▸ **ACTIVITY**
Could you reproduce, word for word, everything below from the line containing "Joel T Case Apartments - 8-30 Summer St" down to the line containing "7930 Montague Manor Lane Property Photo 2", with both of those lines included and no others?

▸ **THE DATA**

Content starts

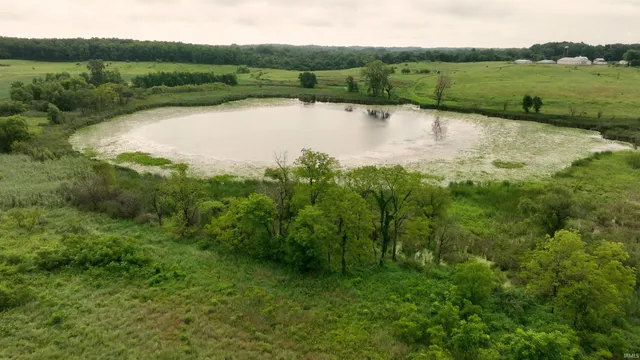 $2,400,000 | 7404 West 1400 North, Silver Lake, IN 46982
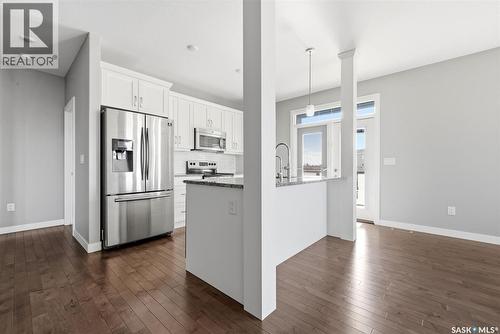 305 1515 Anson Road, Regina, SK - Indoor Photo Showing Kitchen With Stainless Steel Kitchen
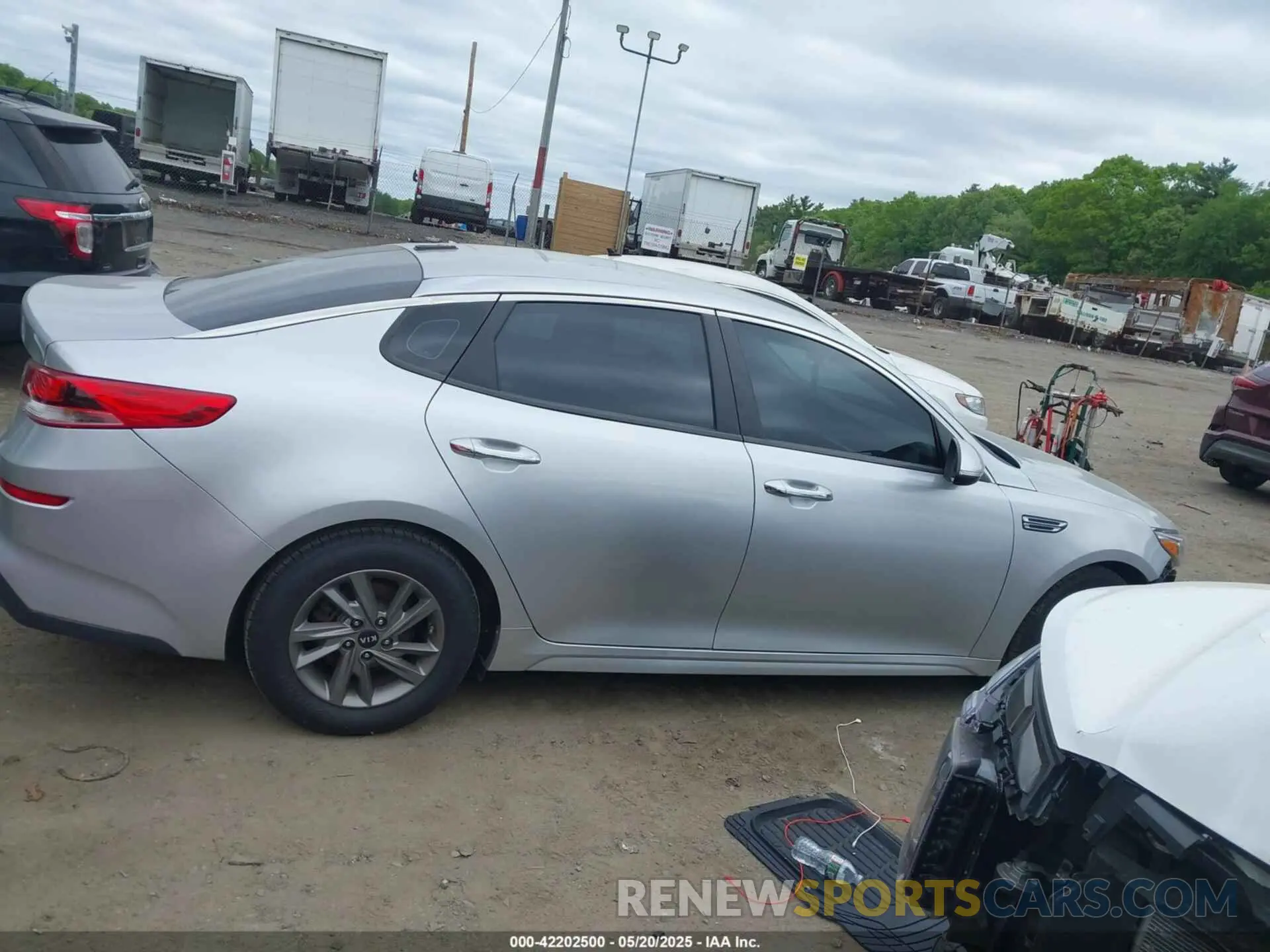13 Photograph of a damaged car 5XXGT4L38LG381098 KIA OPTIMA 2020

Content ends
Content starts

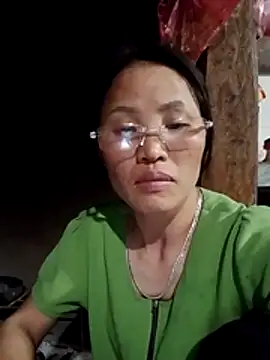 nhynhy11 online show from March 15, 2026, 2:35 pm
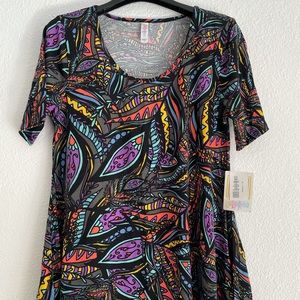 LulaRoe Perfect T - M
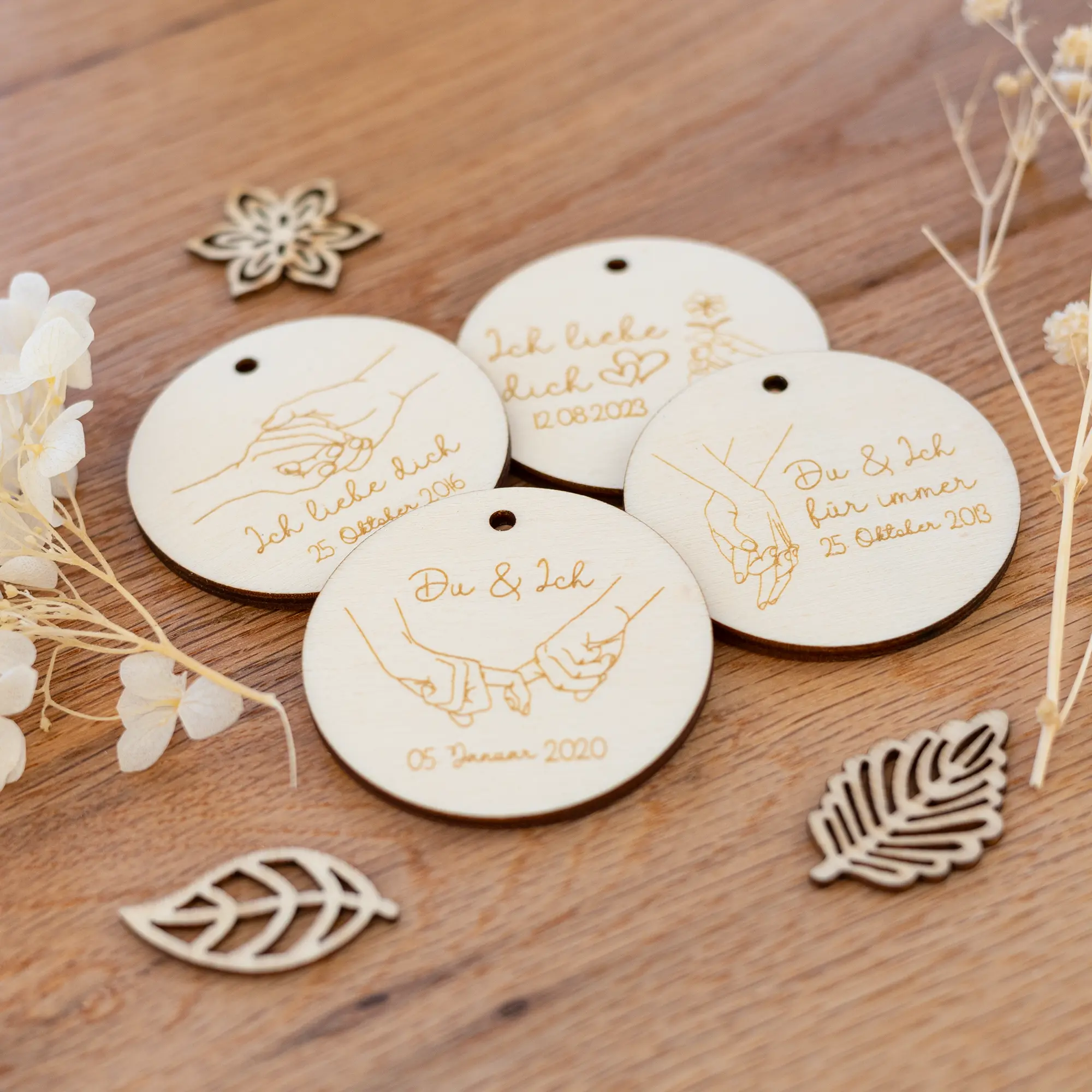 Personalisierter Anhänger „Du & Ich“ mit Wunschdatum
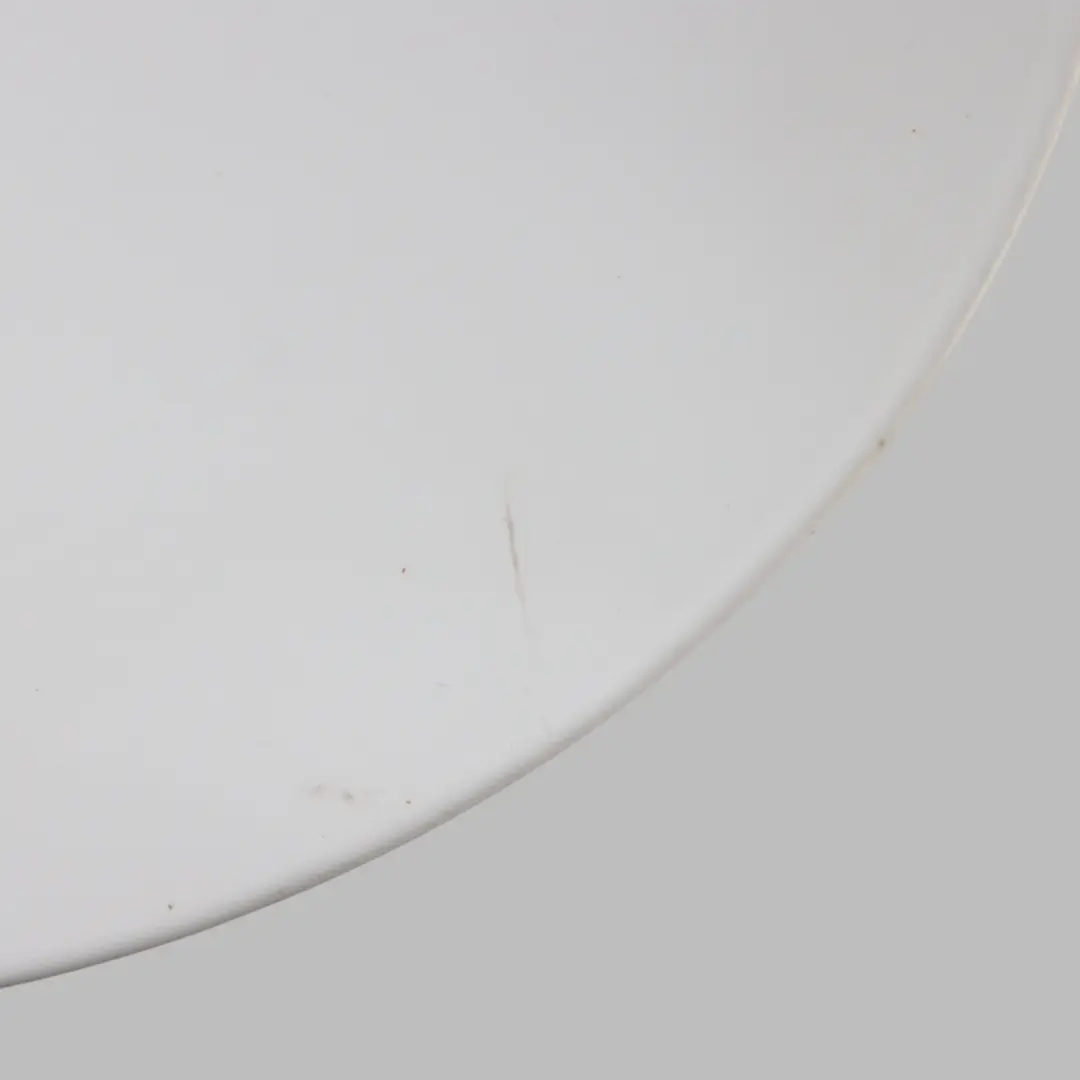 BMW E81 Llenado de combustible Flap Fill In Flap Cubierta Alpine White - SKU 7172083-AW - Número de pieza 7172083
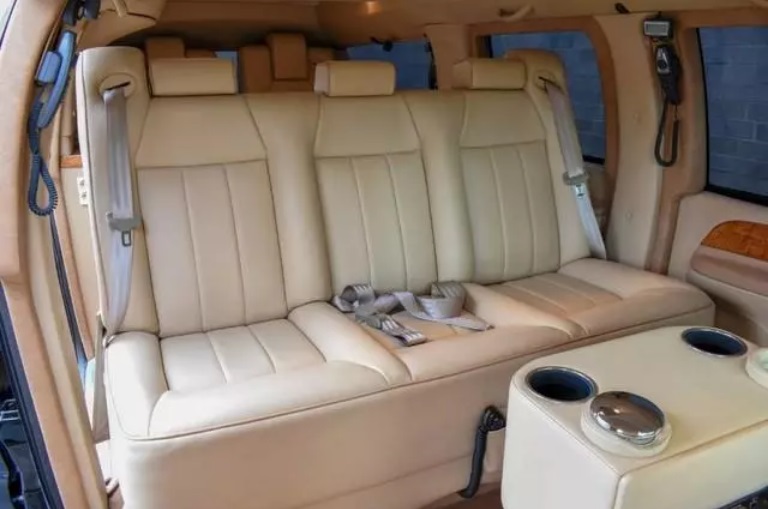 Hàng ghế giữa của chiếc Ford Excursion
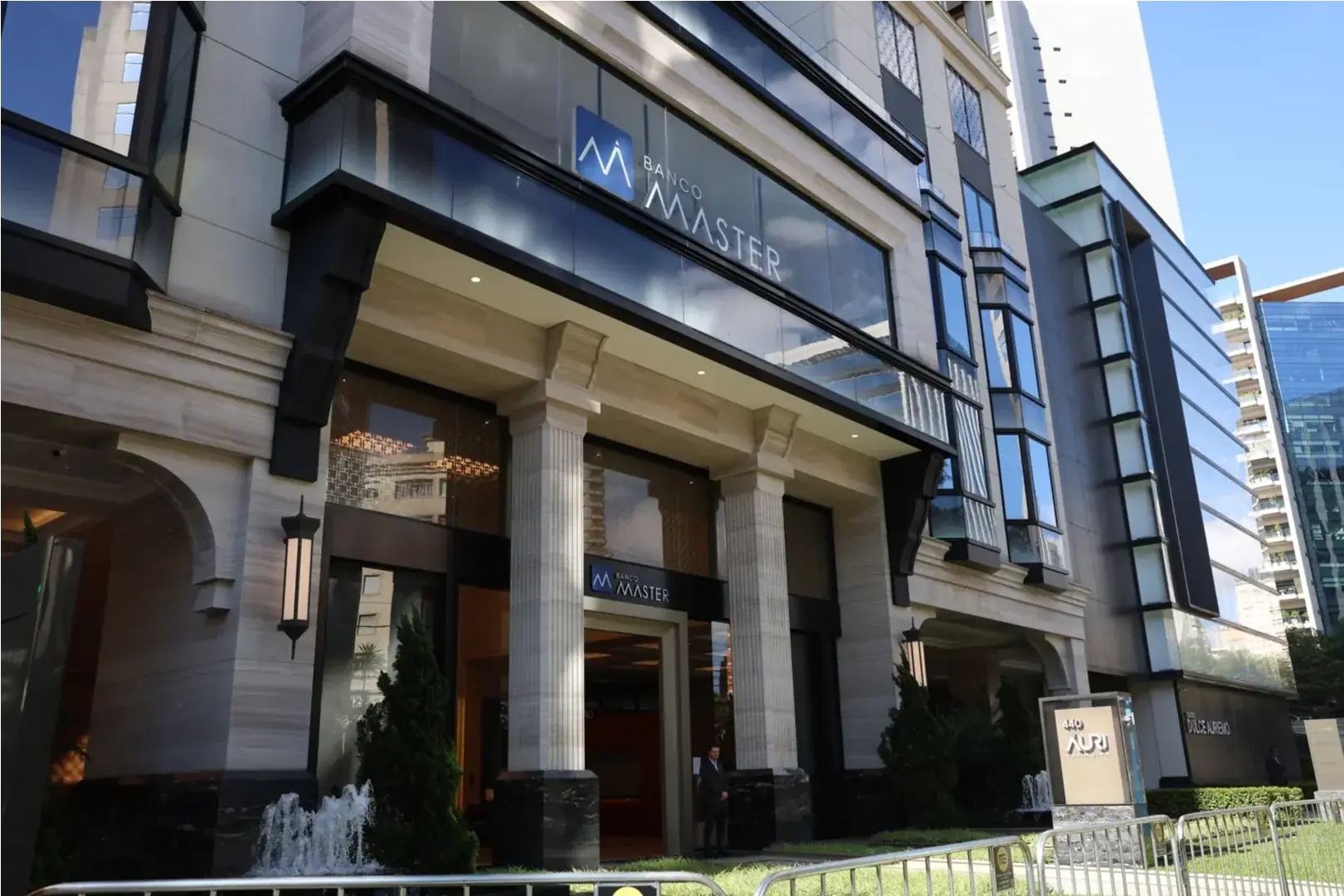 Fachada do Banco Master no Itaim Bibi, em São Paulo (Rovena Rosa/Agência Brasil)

Content ends
Content starts

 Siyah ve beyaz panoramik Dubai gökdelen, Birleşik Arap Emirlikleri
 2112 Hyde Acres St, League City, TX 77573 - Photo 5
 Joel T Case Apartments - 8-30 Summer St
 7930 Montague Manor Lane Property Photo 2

Content ends

▸ **ANSWER BOX**
 Joel T Case Apartments - 8-30 Summer St
 7930 Montague Manor Lane Property Photo 2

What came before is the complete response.